To clear the trouble and restore operations, each relay had to be cut out and rebooted. More than four hundred high voltage relays were affected. All the devices in each substation were affected at the same time in every case. Without knowing that a security scan was initiated, it looked like a DDOS attack resulting in equipment malfunctions. Given the appropriate circumstances, this IT-caused problem could have created a major western states outage. 

Because of the number of facility shutdowns from inappropriate patching practices on control systems, the International Society of Automation (ISA) initiated a recommended practice/standards effort to develop patch management for control systems. 

On Mar. 16, 2022, NIST issued NIST Special Publication 1800-10 “Protecting Information and System Integrity in Industrial Control System Environments: Cybersecurity for the Manufacturing Sector.” The NIST report states, “In this project, the focus was on the engineering workstations and not on the manufacturing components. It is acknowledged that many of the device cybersecurity capabilities may not be available in modern sensors and actuators.”

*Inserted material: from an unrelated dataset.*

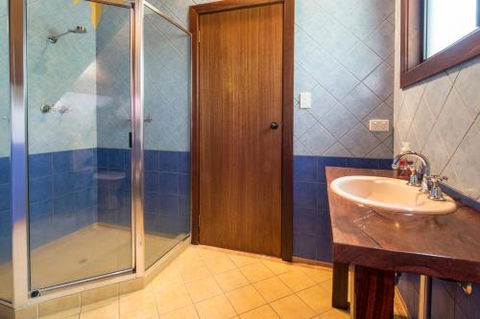 Annies Retreat - Sydneys Hotel 5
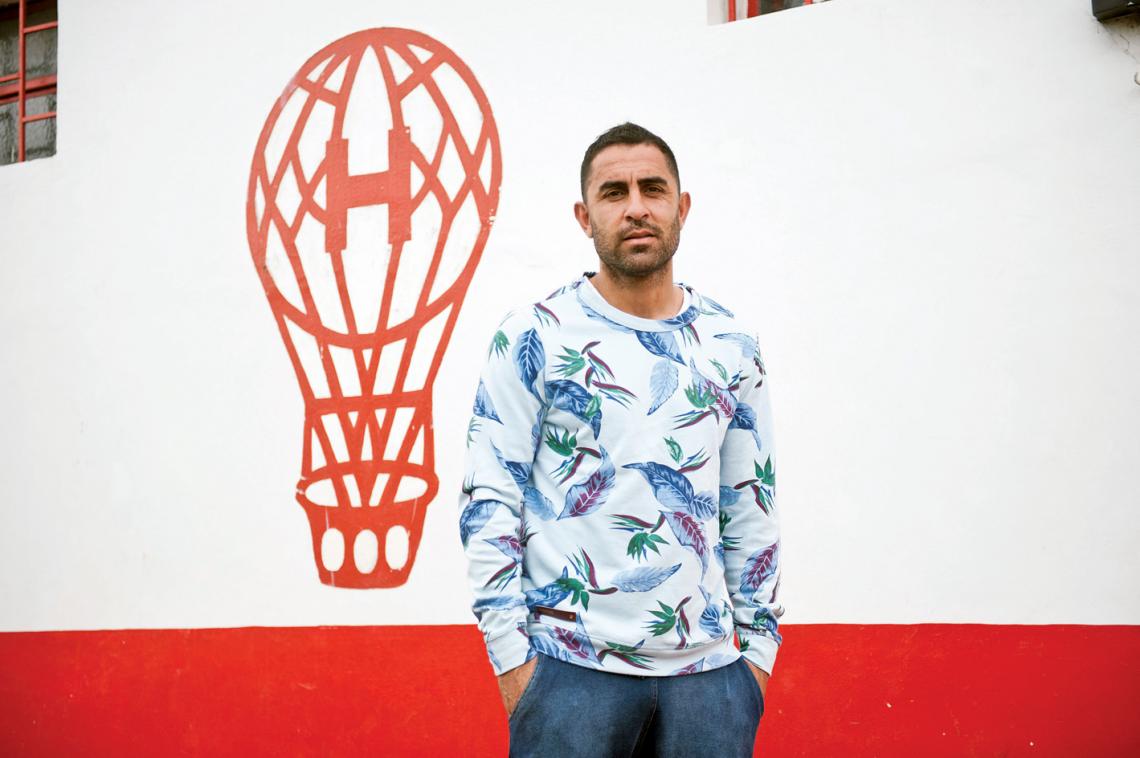 Imagen El Rolfi, a los 36 años, en Huracán, el club al que ingresó con 9 años, su casa.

The White House Energy Modernization Cybersecurity Implementation Plan issued December 2024 included “Section 8 Distributed Control Systems (DCSs)”. The term “DCS” is an accepted term that has been used in the process and power industries since the 1990s. However, according to Emma Stuart, “the term DCS has been applied in lots of publications now to things that involve DER, VPP, BESS, ADMS and other plant and mass orchestration systems. It makes far more sense than just using DERMS as it describes a wider swathe of technology. Lots of mass orchestration is using it and that’s the point. There’s lots of words and phrases in this space that have dual meanings now also.” The security organization creating new terms will not sit well with the engineering community.

The lack of cybersecurity capabilities in legacy control systems means that CISA’s cybersecurity recommendations such as system hardening, removing default passwords, patching and penetration testing that are relevant to internet protocol (IP) devices can be harmful to process sensors and actuators that don’t have the IP stacks and other security capabilities to utilize the CISA recommendations.

Antivirus software has shutdown older legacy control systems. Addressing Microsoft tools and scripts are irrelevant to process sensors and actuators that don’t use Microsoft operating systems; of which there are many. There have been numerous cases where inappropriate IP network technologies and testing have shut down or damaged control system devices which is my concern about CISA’s guidelines.

There is a plethora of “OT experts” who know little about control system devices yet provide OT/ICS advice. Control system field devices are technically and operationally different from IP networks. Consequently, this inappropriate advice from these “OT experts” can and has harmed control system field devices and shut down facilities.

Conclusions

The engineering and network security personnel need to understand each other’s strengths and limitations. This needs to start in college. Control system cybersecurity training is needed to minimize the inappropriate advice being dispensed by “OT cybersecurity experts” who don’t understand control system field devices. Senior executives need to ensure that the engineering and security organizations support, not ignore each other – that is not happening.